オンラインでも有効な高い接客スキルが生む、買い物体験
このようなリテール業界の変化の中で、成長の起爆剤とも言えるDXは今後どうなっていくのか。先に「そう一気に加速すると限らない」と語った今村氏は、「業種、業態によって状況はまったく異なる」と語る。
「かつては家族で出かけるなら百貨店だったのが、Withコロナの生活環境では近所のスーパーになった。社会情勢が変われば小売業の存在価値も変化するのは必然で、業界変革が進む中で各企業も一からビジネスを考え直す必要がある。そして、既にクラウドも普及し、GoogleやAmazonといったプラットフォーマーも存在する。インフラとしてのテクノロジーが進化した環境のもとで考えることになり、自然とデジタルトランスフォーメーションを意識せざるを得ない状況にある」(今村修一郎氏)

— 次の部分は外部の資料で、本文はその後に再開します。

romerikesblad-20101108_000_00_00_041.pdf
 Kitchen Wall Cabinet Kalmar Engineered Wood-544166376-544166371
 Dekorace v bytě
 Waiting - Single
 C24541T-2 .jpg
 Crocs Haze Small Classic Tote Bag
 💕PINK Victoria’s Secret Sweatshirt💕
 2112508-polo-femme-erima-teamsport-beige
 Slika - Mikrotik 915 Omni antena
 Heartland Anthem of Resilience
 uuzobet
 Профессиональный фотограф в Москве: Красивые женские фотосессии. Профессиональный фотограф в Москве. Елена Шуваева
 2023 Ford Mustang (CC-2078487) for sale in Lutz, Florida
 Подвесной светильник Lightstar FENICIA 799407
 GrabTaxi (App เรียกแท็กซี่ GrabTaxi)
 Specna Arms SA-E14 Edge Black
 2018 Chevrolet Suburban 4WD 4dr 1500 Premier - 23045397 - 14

さらに前述のような「過去のデータ」の価値が減少し、誰もがゼロスタートという立場になれば、新しく登場した事業者がいきなり業界地図を塗り替えていく可能性もある。これまで「オフラインだけでいい」としてきた事業者も、必死にオンライン化を考えるようになるだろう。そうなった時、コロナ禍によって口火が切られる形で小売業のオンライン上での熾烈な争いが始まると考えられる。